True art (Lautner's music) delivers the truth to the unfortunate Jacoby,
And on the F-major chord Attorney Jacoby stopped dancing. At the crescendo of his performance, realization dawns on him, pathetically late. After all the affair between Amra and Lautner was
known to the whole town, who laughed at it behind the lawyer's back. It is in this moment of dancing the fool (coerced into the act as usual by his wife) that he realizes how much of a fool he has been.
In a frightful stillness, unbroken by the smallest sound, his gaze travelled slowly and unesily from the pair to audience, from the audience to the pair, while his eyes widened more and more. Then knowledge seemed to flash across his face...
Thus does art, Lautner's music, illustrate to the hapless Jacoby the reality of his loveless marriage to a woman who possessed
a sensuality both tormented and cruel. He possessed himself of the illusion that even though his wife did not love him, she would remain faithful in light of his own expansive love for her,
that you will never betray or deceive me, even if you cannot love me, just out of gratitude for this love.
This physical giant of a man, whose spirit is as small as he is large, cannot withstand the shock of his realization. His wife carrying on with Lautner while all this time he has been so meek, so obedient. He topples and as succinctly put by the doctor after examining him,
Little Lizzy certainly demonstrates art's ability to reveal truth. Yet art is the opposite of truth since art must be constructed, built on an edifice of half-lies (what is fiction if not lies), possibilities and uncertainties.
The short story is conscious of itself (not in the metafictional sense but more in the omniscient/all-knowing narrator sense) as a construct, the product of specifically chosen characters and situation.
Indeed, Little Lizzy relies on a lot of elements which at certain points stretches the credulity of the reader.

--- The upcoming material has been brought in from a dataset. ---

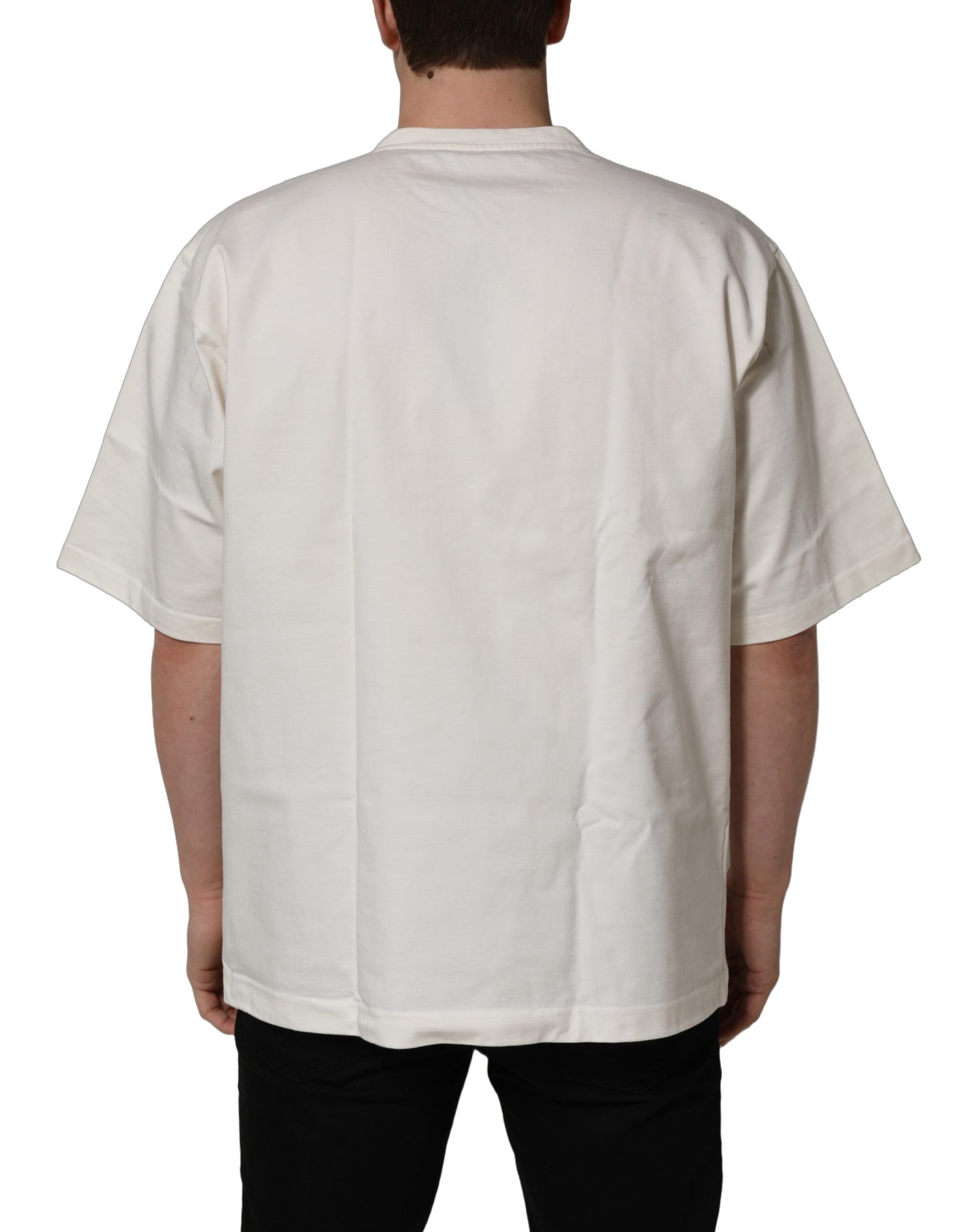 White Logo Print Cotton Crew Neck Men T-shirt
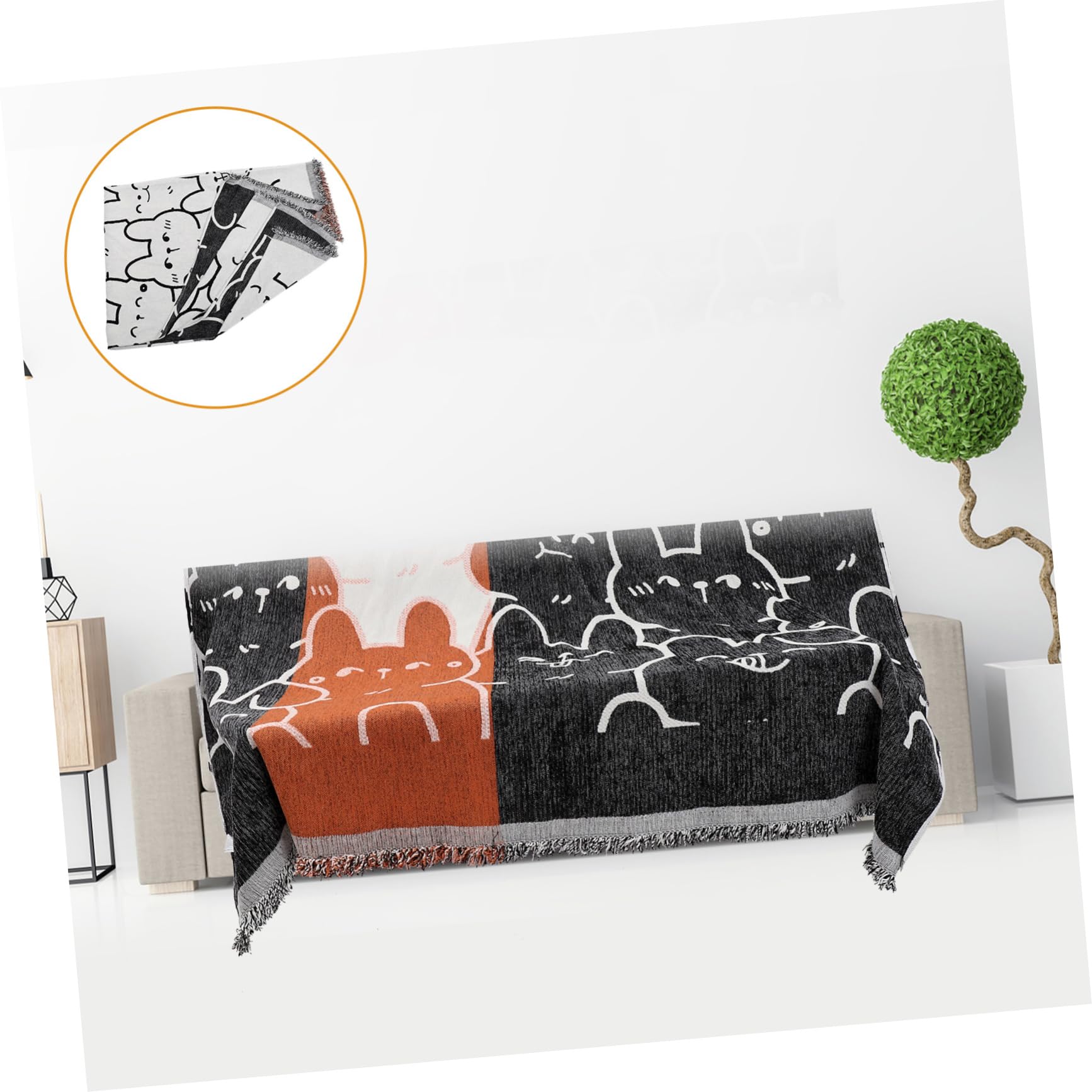 PRETYZOOM Copridivano in Ciniglia Arancia, Stile Sobrio e Raffinato, Reversibile, Pratico e Non Sbiadisce, per Soggiorno e Casa, Decorazione Divano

Two central points stand out artifices necessary for the story's point. One, Why would beautiful Amra marry such a pitiful man? We are never told, the story admits the reason is
unfathomable. Two, Jacoby is incredibly pathetic. It is almost unbelievable that any person would be as loathsome as he.
(On point number one, we do know that it wasn't for money, Amra is sufficiently well to do on her own. What is it mere cruelty then, her knowledge that she could forever have a pet in Jacboy?)
Moreover, the story makes no amends for such construction,
You must just accept them... as the given premises on which the farce is mechanically built up. In essence the narrator is saying, the play's the thing; never mind if some of its parts are a bit creaky.
Little Lizzy consciously constructs its world and then presents the unappealing truth.
Jacoby is the epitome of obsequiousness. This forced agreeability is then preyed on by the person he loves the most. The resulting mess is painful to read as the character's main flaw is pitilessly eviscerated by the plot of the story.
I didn't care so much for the arrogance lacing the narrator's tone or the irredeemable nature of Amra. The story says it is a farce and truly, it should be read as such.